In fact, religion played a large role in the trails, despite many of the accused being devout church goers, the hangings were justified as expelling the Devil from Salem. It wasn’t just the outcasts who were accused but prominent community members – and a small group of young girls accusing as many as they could. When one would scream that she was struck with pins, the others would echo her claims. Perhaps it was a case of mind over matter, and believing your friend was inflicted led to others feeling they were too. Today, sentencing someone based on the hysterics of a group of young girls seems ridiculous, but made perfect sense in a hysterical Salem.
The accusers could have done so for their own personal gain, revenge for petty incidents from the past – as the author explains prior to the trials Salem wasn’t exactly a close community – or purely as a malevolent game. The theory that the community may have eaten bread with a certain kind of mold that induces hallucinations has been debunked, the exact motive behind the trials is unclear.
Aronson paints the growing hysteria of the trials vividly throughout the book, and captures the deep remorse afterwards when it finally dawned on Salem that 24 people had in-justly lost their lives. Soon the accusers became the outcasts.
Of course, some wonder if there was real witches in Salem, and that is unclear also. The first accused, Tituba, was a women of colour said to dable in “magic tricks” she picked up in England. Others say she taught young girls voodoo, or engaged in practices such as dropping an egg white in cold water and interpreting the form it takes.
Having previously read Wicca: Elemental Magic by Lisa Chamberlain I was able to even add my own interpretations to the story of the Salem Witch Trials having already had an understanding of witchcraft.
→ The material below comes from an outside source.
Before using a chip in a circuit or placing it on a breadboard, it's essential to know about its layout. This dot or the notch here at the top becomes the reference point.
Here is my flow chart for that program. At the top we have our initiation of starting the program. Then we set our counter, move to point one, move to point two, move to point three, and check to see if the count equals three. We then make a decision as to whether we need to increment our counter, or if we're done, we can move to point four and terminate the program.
The practice of Wiccanism, which falls under Paganism, wasn’t brought into the equation in Aronson’s book. Although many Wiccan’s consider themselves witches, most believe in the likes of karma and so do not set out to harm others. Wiccan’s are often spiritual and practice small rituals, usually of good intent. The Devil is solely a Christian deity, and so Wiccan’s or witches do not “get their powers from Satan” as is often preached, but rather believe that everyone possesses magic but modernity has made us lose touch with it. The common belief that the pentagram is a Satanic symbol is false, as each triangle making up the star on a pentagram represent an element, with the circle around it representing spirit.
If you’re looking for Harry Potter or Hocus Pocus style witchcraft then you’re going to be disappointed if you look into Wicca and/or Paganism or if you read Elemental Magic. I would still recommend it as means to clear up the common misconceptions.
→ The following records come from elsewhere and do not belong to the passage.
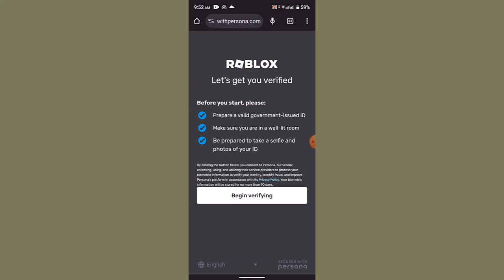Once the photo has been taken, it's going to scan it, and you'll have to wait 24 to 48 hours in order to verify the ID. Till then, you have to wait patiently, and that's how you can verify your age on Roblox.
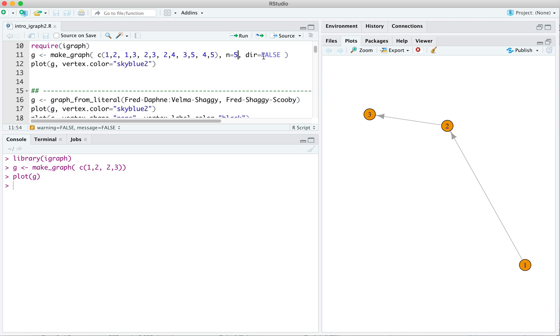And then, also, we want to specify whether or not we want it to be directed. Now, note that in the first case here, when I didn't specify anything, we got a directed graph. That's because the default is for a directed graph. In this case, I want an undirected graph.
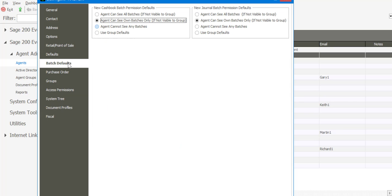On the batch default section, this relates to cash book batch permissions as well as general ledger journal batch permissions. The four options are: agent can see all batches, agent can see own batches only, agent cannot see any batches, or make use of the group defaults. Within the organization you may have agents processing cash book or general ledger journal batches with different types of information, and you may want to restrict access or visibility to those batches. It's simply a case of specifying the batch defaults tab and determining which of the four options are applicable.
Black Magic isn’t one and the same with Wiccanism. Black Magic involves the use of supernatural powers for evil, malevolent and selfish purposes, often intended to cause harm.
Although occasionally voodoo dolls and other artifacts associated with witch craft were found in the homes of the accused witches, I don’t think full force black magic was taking place, nor do I think anything evil had possessed the town. Perhaps some were closet pagans and practiced simple rituals or even dabbled with voodoo but I bet 17th Century Salem did not resemble Hocus Pocus. If anything, I think one case led to another and it led to the inhabitants in Salem thinking their only option was to accuse or be accused. Regardless, the Salem Witch Trials remains one of the most bizarre cases in history.